EXERCISE BRIEF: The result should be an exact copy of the entries that follow, with no pictures included.

DATA IN THIS EXERCISE:
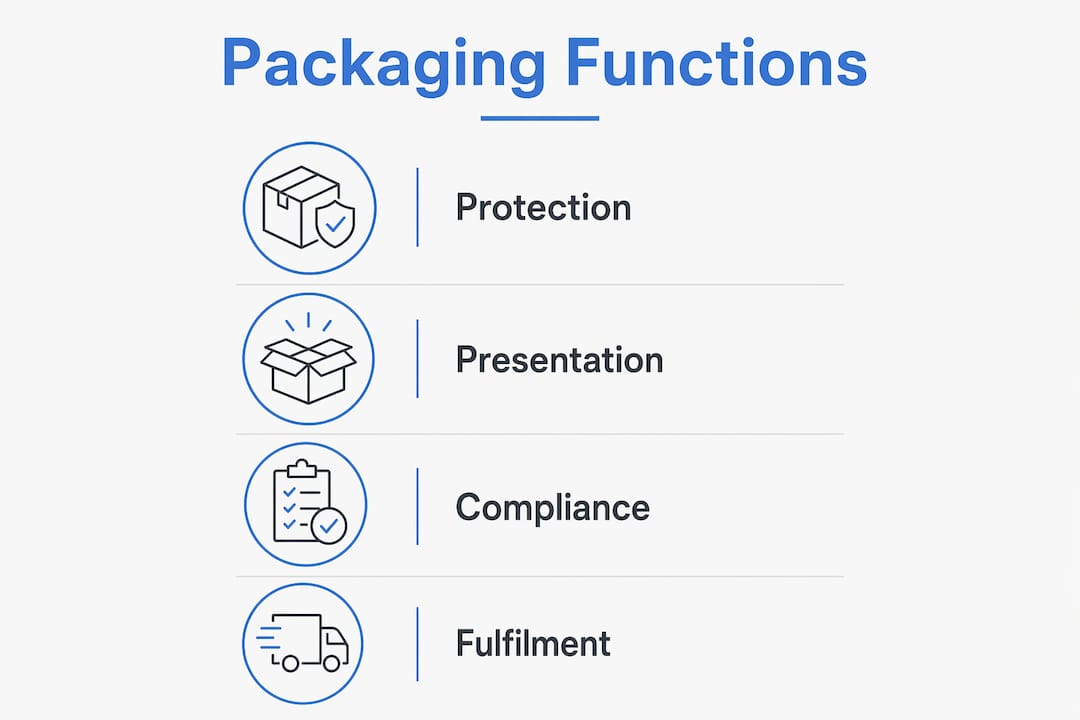 Infographic showing four core packaging functions
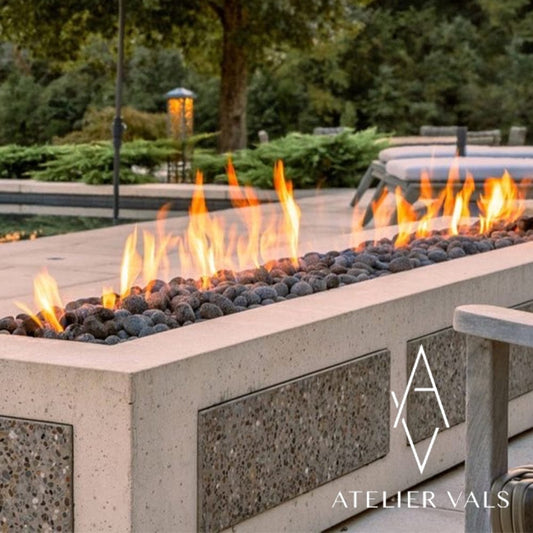 HPC Linear Trough Gas Fire Pit Insert with On/Off Electronic Ignition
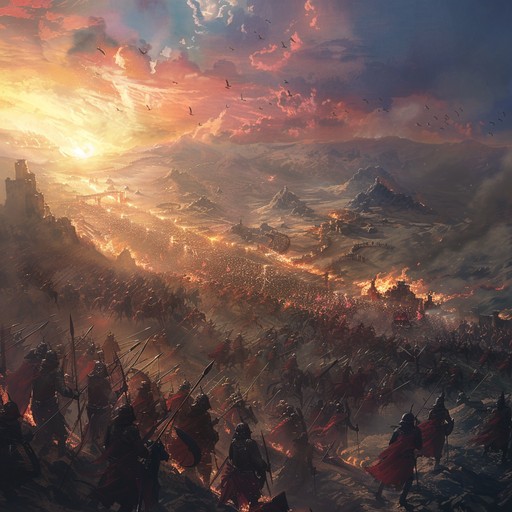 This composition features a powerful and majestic orchestration that transports the listener to a grand battlefield, weaving together intense drum rhythms, soaring brass sections, and lush strings to conjure the essence of a heroic and triumphant victory. Perfect for cinematic landscapes, epic storytelling, and monumental moments of triumph.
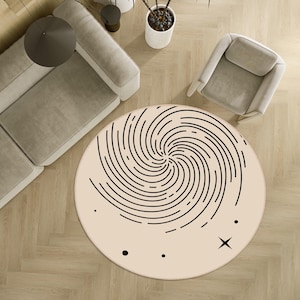 Minimalist Round Rugs, Boho Style Circle Rugs, Abstract For Living Room, Circular Rugs, Non Slip Rugs For Living Room, Boho Abstract Art Rug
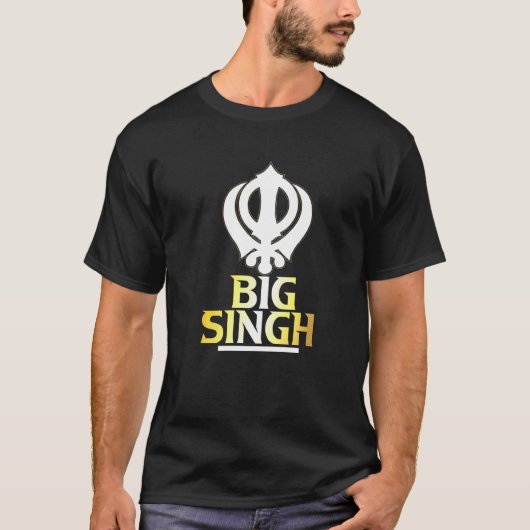 Sikh Khanda Grote Singh Punjabi T-shirt (Voorkant)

SOLUTION TO THE PROBLEM:
 Infographic showing four core packaging functions
 HPC Linear Trough Gas Fire Pit Insert with On/Off Electronic Ignition
 This composition features a powerful and majestic orchestration that transports the listener to a grand battlefield, weaving together intense drum rhythms, soaring brass sections, and lush strings to conjure the essence of a heroic and triumphant victory. Perfect for cinematic landscapes, epic storytelling, and monumental moments of triumph.
 Minimalist Round Rugs, Boho Style Circle Rugs, Abstract For Living Room, Circular Rugs, Non Slip Rugs For Living Room, Boho Abstract Art Rug
 Sikh Khanda Grote Singh Punjabi T-shirt (Voorkant)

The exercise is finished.